**EXERCISE:**
What you should give back is a precise copy of the lines below from the one containing "The device consists" through the one containing "If I hover over", with no pictures.

**TASK DATA:**
:::::
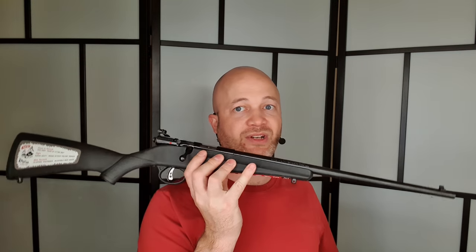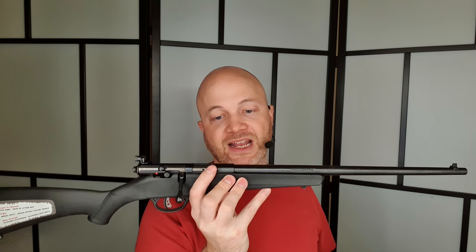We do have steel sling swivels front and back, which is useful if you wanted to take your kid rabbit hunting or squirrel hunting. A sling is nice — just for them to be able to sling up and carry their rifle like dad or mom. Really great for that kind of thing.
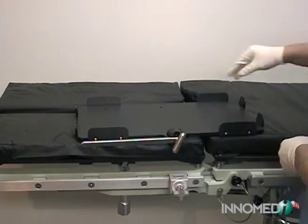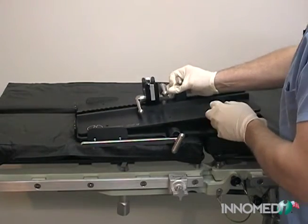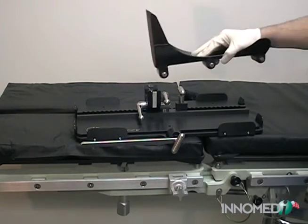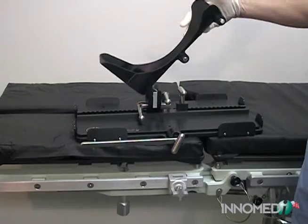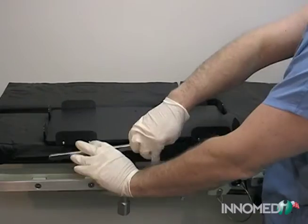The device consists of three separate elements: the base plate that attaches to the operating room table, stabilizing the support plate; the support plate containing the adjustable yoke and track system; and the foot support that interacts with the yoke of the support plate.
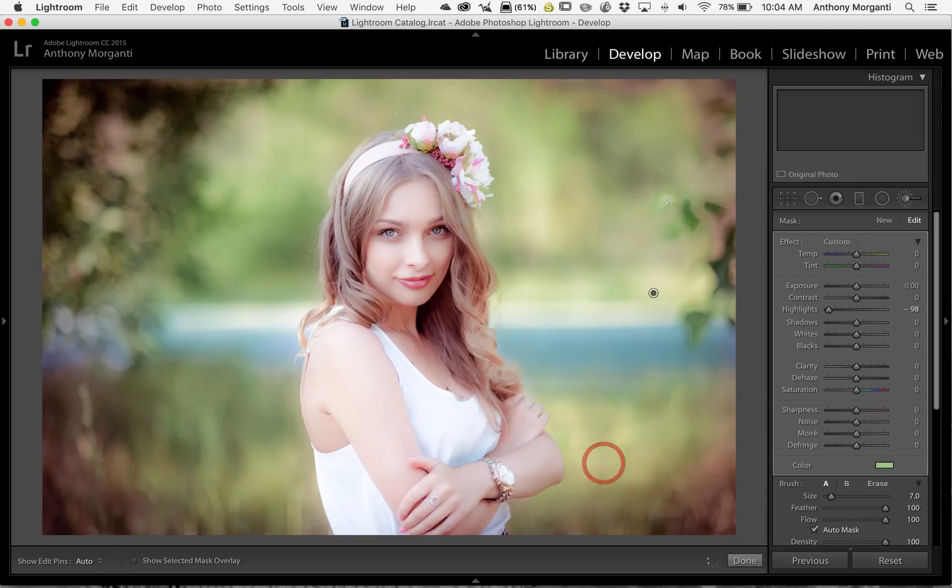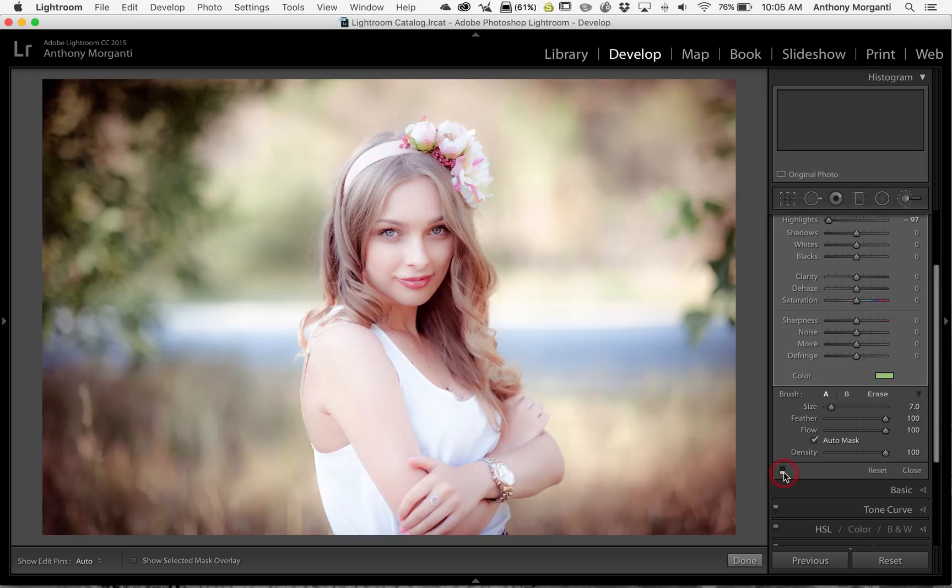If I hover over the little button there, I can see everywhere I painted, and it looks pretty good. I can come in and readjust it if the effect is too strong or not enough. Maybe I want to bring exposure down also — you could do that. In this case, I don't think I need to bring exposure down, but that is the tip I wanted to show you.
:::::
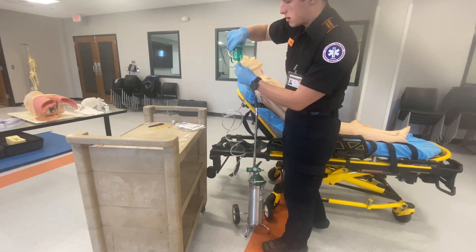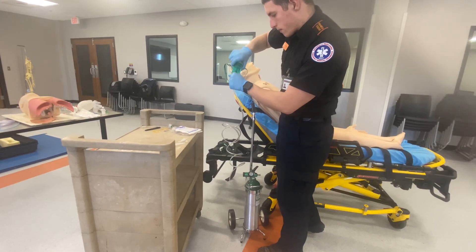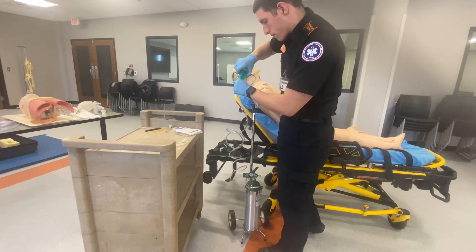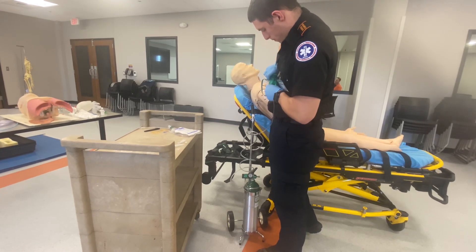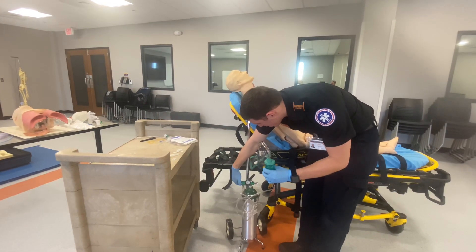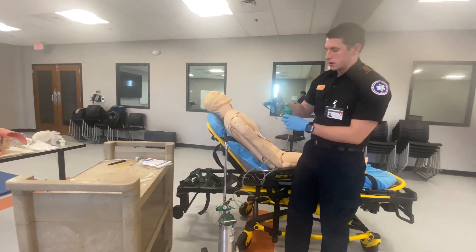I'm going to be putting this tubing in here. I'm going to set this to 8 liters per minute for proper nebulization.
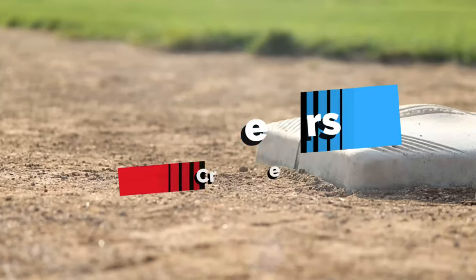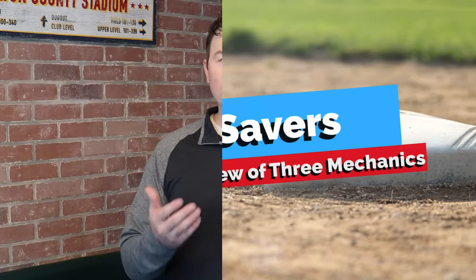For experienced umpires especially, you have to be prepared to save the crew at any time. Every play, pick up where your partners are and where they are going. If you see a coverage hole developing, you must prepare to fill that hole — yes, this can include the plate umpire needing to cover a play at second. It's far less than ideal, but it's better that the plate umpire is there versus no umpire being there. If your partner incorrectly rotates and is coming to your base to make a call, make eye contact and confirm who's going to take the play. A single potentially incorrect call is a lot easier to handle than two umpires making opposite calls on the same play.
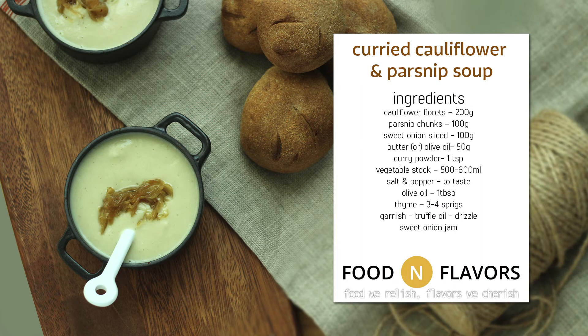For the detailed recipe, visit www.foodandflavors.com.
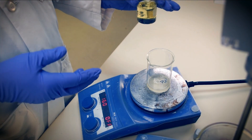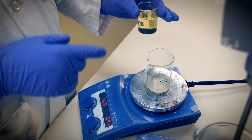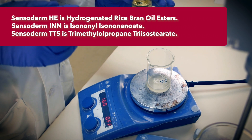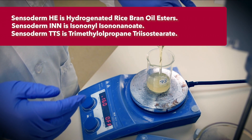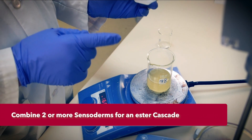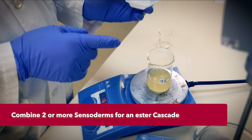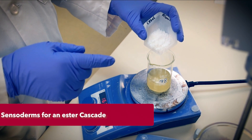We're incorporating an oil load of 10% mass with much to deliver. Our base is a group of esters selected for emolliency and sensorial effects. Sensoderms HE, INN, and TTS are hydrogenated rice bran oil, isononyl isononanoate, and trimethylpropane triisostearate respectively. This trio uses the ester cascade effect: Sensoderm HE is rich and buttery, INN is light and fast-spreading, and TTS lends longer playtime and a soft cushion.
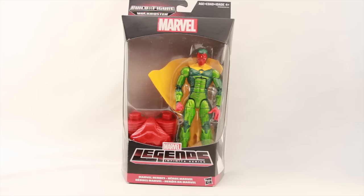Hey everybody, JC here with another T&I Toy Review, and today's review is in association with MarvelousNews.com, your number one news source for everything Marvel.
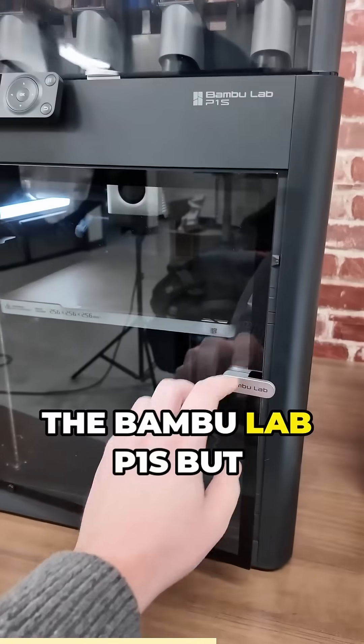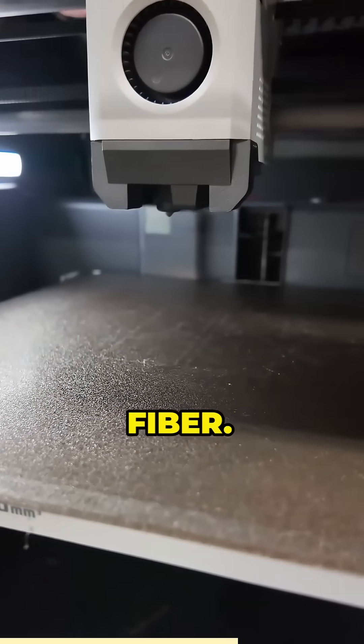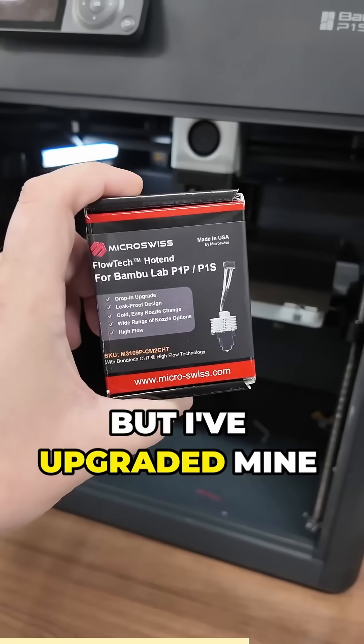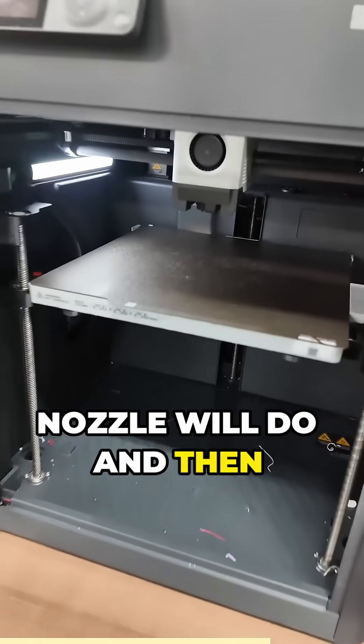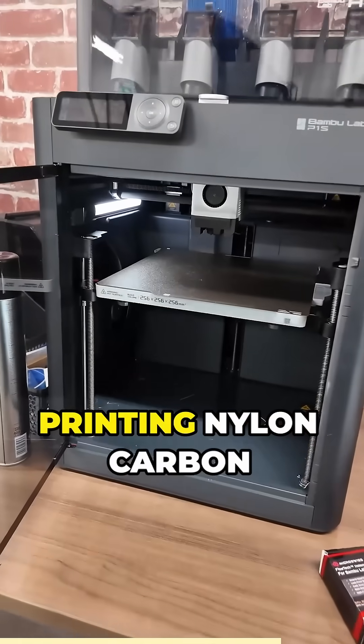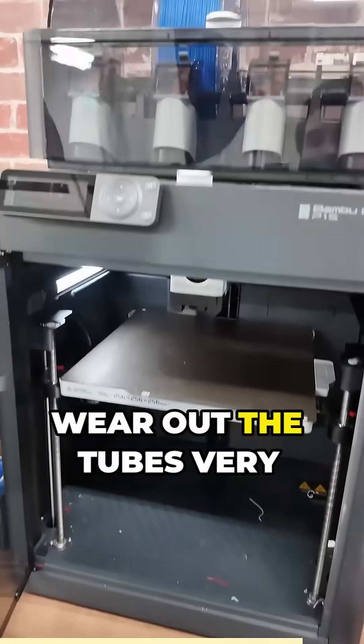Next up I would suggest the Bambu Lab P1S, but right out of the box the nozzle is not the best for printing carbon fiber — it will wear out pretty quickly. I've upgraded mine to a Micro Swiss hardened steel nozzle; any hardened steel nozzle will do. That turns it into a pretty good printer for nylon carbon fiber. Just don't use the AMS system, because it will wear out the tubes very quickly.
:::::
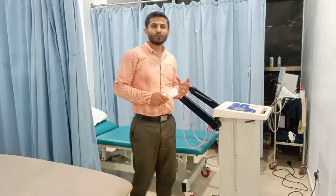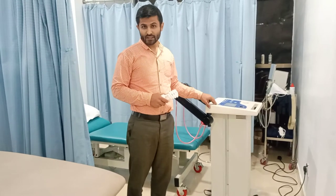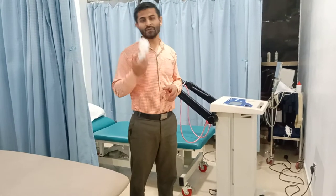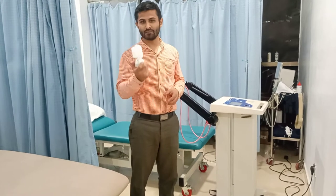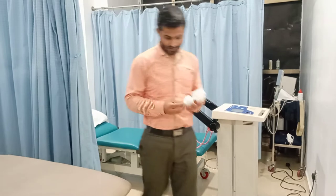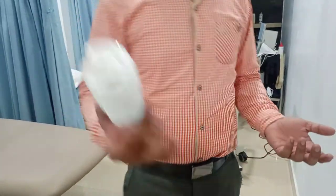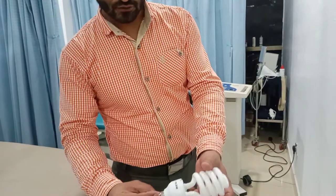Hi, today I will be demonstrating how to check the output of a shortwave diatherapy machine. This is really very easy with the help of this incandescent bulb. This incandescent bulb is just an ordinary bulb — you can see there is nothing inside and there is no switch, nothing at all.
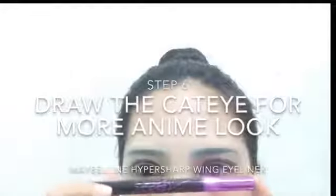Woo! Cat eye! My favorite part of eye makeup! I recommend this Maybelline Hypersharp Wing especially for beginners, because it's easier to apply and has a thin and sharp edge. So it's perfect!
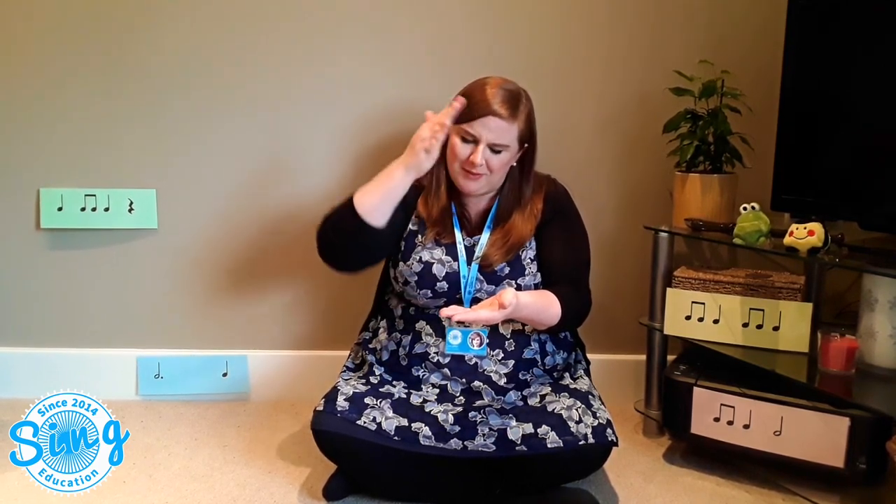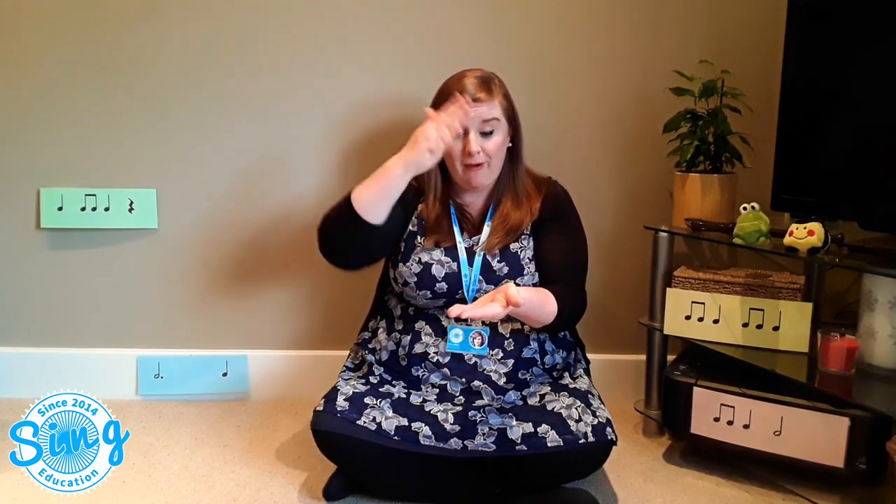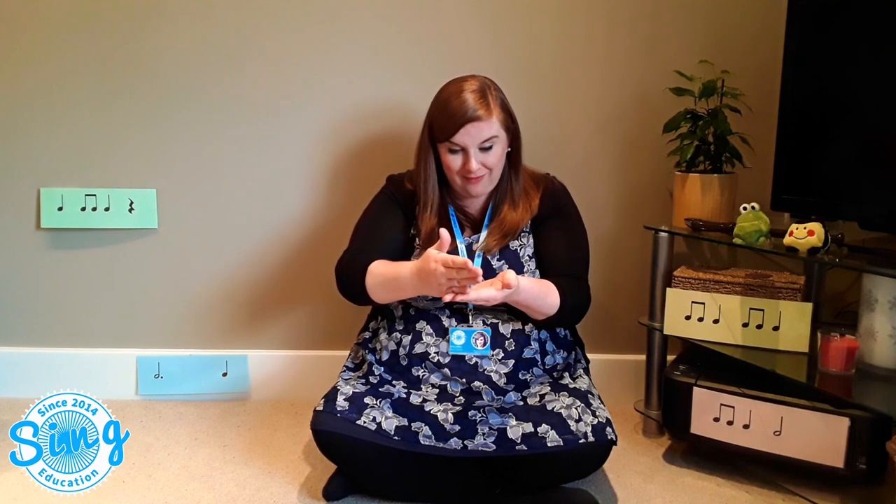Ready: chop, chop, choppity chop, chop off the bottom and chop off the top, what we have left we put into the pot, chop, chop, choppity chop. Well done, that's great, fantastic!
:::::
**ANSWER TO THIS EXERCISE:**
The device consists of three separate elements: the base plate that attaches to the operating room table, stabilizing the support plate; the support plate containing the adjustable yoke and track system; and the foot support that interacts with the yoke of the support plate.
If I hover over the little button there, I can see everywhere I painted, and it looks pretty good. I can come in and readjust it if the effect is too strong or not enough. Maybe I want to bring exposure down also — you could do that. In this case, I don't think I need to bring exposure down, but that is the tip I wanted to show you.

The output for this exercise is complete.